WrightHT, Inc., Denver, CO

B. A. Pint

Oak Ridge National Laboratory, Oak Ridge, TN

J. P. Shingledecker, D. Thimsen

Electric Power Research Institute, Charlotte, NC

Paper No. GT2013-94941, pp. V008T34A010; 13 pages
  • ASME Turbo Expo 2013: Turbine Technical Conference and Exposition
  • Volume 8: Supercritical CO2 Power Cycles; Wind Energy; Honors and Awards
  • San Antonio, Texas, USA, June 3–7, 2013
  • Conference Sponsors: International Gas Turbine Institute
  • ISBN: 978-0-7918-5529-4
  • Copyright © 2013 by ASME


Proposed open and closed Brayton-type cycle systems employing supercritical CO2 (sCO2) as the working fluid develop hot gas path environments that present challenging requirements of strength and environmental resistance for the materials of construction. The likely materials properties required by different cycle configurations are examined and compared with the capabilities of available materials. In some instances where peak operating conditions in the turbines in closed-cycle systems approach 500°–700°C at 200 bar, or 1150°C at 300 bar for open cycles, the range of available alloys with the requisite temperature-strength and capabilities is limited.

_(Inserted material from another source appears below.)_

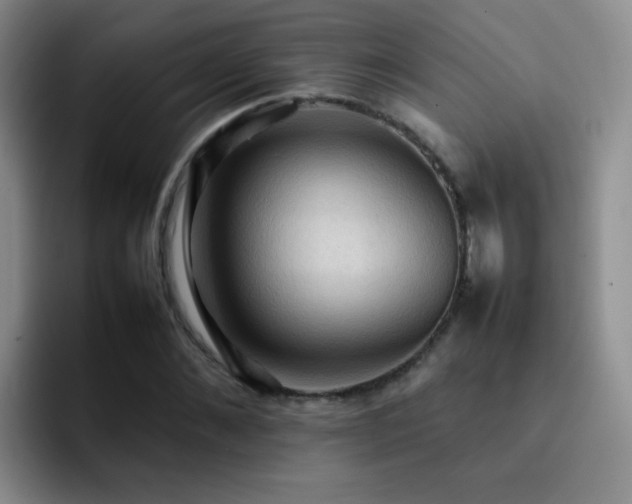 X0000092220876200709141042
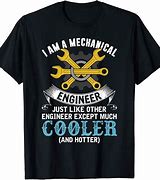 Image result for Mechanical Engineer Funny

The cycles are highly recuperated: hot, lower-pressure turbine exhaust is used to pre-heat high-pressure CO2 entering the external heater or combustor just upstream of the turbine. Obviously, there is a need to match alloy capabilities with the performance requirements of individual components. Where alloys are employed under conditions beyond current experience, or in unusual configurations (the unique properties of sCO2 may impact the design of some components), practical acceptance will depend on successful qualification testing involving close collaboration among equipment manufacturers, materials suppliers, and materials research and development groups.

Examination of the range of scenarios published for sCO2 turbine systems suggests that approaches used in the U.S. Advanced, Ultra-Supercritical (A-USC) Steam Boiler program, and some of the data generated for fabrication, joining, mechanical properties, and performance in simulated service environments in that program, will be applicable to some of the components in these systems. An attempt to elaborate and prioritize the materials property and qualification activities required for the successful realization of these sCO2 cycles is presented as a guide to activities needed to facilitate materials selection.